Im Herbst kannst du dann auf das E11 aufrüsten, das kommt zu dem Zeitpunkt auf den Markt.


----------



## Soycoy (23. Juni 2017)

Danke, dann werd ich das mal ausprobieren


----------



## Incredible Alk (23. Juni 2017)

Das wird problemlos laufen. Ich habe ein sehr ähnliches System eines Kollegen (3770K@4,4 GHz) mit einer 1080 aufgerüstet weil er unbedingt wollte und da ist auch ein E9 450 drin. Mehr als ~420W peak aus der Dose haben wir beim spielen nicht gesehen und da ist ja noch die Effizienz des NTs mit drin, sprich das waren real vielleicht 360-370W Verbrauch.


----------



## MrPe (23. Juni 2017)

Threshold schrieb:


> Ich gehe mal davon aus, dass der Rechner so um 350 Watt liegt, das sollte das Netzteil schaffen.


Das kann ich so bestätigen. Ich nutze zwar den i7-6700K in Verbindung mit einer 1080Ti OC von ASUS, die gemessene Leistungsaufnahme lag in BF1 bei maximal 340 Watt, in Doom bei max. 300 Watt und in FiFA17 bei ca. 250 Watt. Die Karte war dazu im OC-Modus, CPU @ Stock und RAM bei 2666 MHz...  
Das 450er sollte also reichen, wenngleich die Auslastung relativ hoch und die Reserven entsprechend geringer sind.


----------



## Freiheraus (23. Juni 2017)

GTX 1080 Karten gibt es mit knapp 180W Verbrauch (Founders Edition), aber auch als OC-Modelle die Richtung 300W gehen. Das würde mich zumindest verunsichern ohne Überprüfung per Energiemessgerät (für die Steckdose).


----------



## Threshold (23. Juni 2017)

Er hat ja die MSI Amor. Die hat einen 8 Pin Anschluss und eine TDP von 180 Watt.
Mit Power Limit Erhöhung wirst du auf 210 oder 220 Watt kommen.


----------



## Incredible Alk (24. Juni 2017)

Und selbst wenn - das läuft trotzdem. Der Kollege den ich oben erwähnt habe hat alles auf Anschlag, also Karte auf max PT / 2 GHz und die CPU ziemlich stark übertaktet. Dennoch reichen die 450W locker.

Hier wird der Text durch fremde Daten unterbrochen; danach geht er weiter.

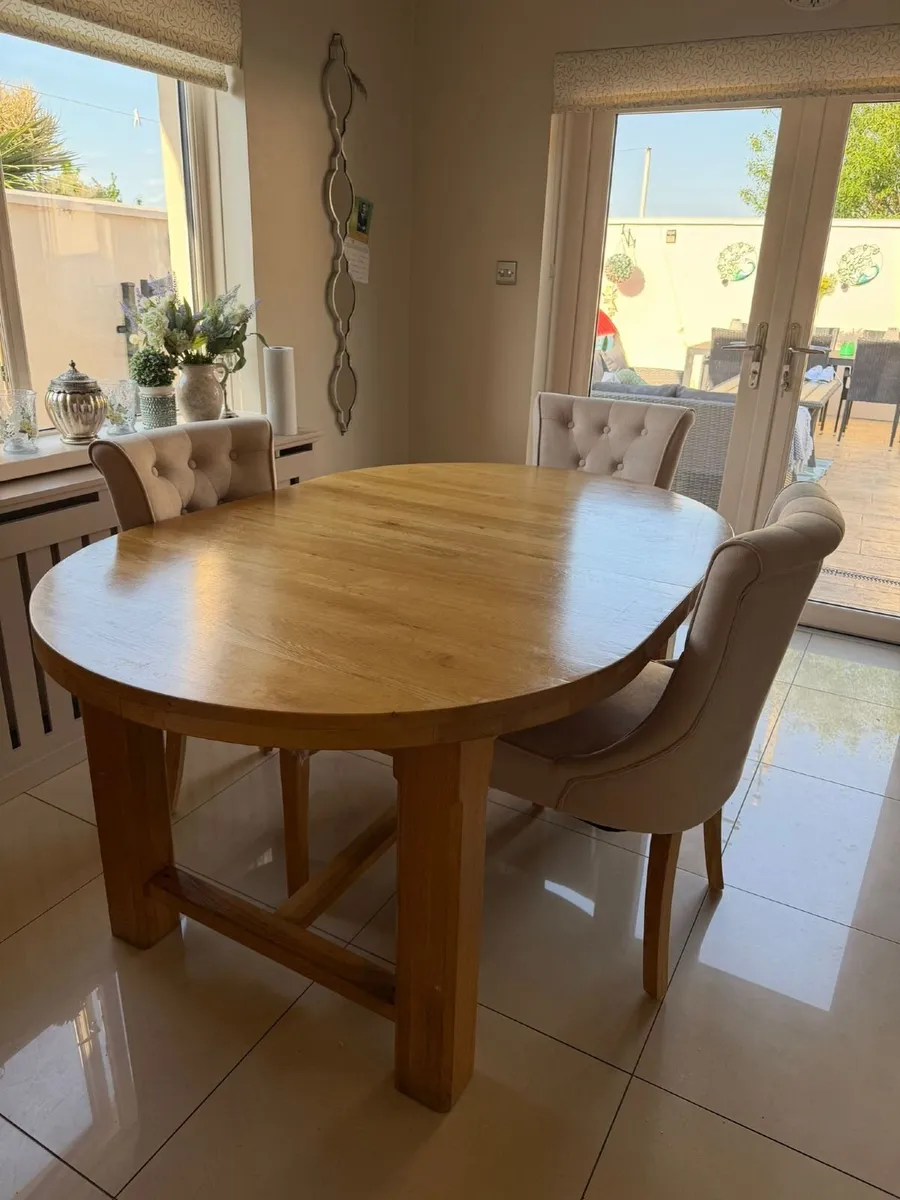 Solid Oak extending table - Image 2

Klar, wenn man neu kaufen würde würde man für so ein System eher ein gutes 500/550W-Netzteil nehmen aber zwingend tauschen muss man hier noch nichts, das E9 ist ja jetzt nicht schlecht (dafür dass es Gruppe ist sogar ziemlich gut).


----------



## Threshold (24. Juni 2017)

Na ja, Gruppe ist eben bei der Spannungsstabilität nicht so brauchbar.
Der Vorteil des E9 ist eben, dass es leise arbeitet und dass die schutzschaltungen gut sind.
Und das ist eben ein riesen Unterschied zu anderen Gruppe Netzteilen, die dann zurecht kritisiert werden, wie das Corsair VS, Thermaltake und Co.


----------



## Incredible Alk (24. Juni 2017)

Prinzipiell ja, das E9 macht aber hier eine (für Gruppenetzteile) gute Figur.
Bei normaler Belastung schwankt die 12er SChiene von 12,2v ohne Last bis 11,8v bei Vollast was beides absolut unbedenklich ist (11,4 - 12,6 sind erlaubt laut Norm). Selbst bei Crossload was für Gruppen-NTs das böseste ist was man ihnen antun kann (und in der Praxis nicht vorkommen sollte) bleiben die Spannungen locker innerhalb der Grenzwerte. Bei 5v und 3,3v sinds sehr ähnlich aus.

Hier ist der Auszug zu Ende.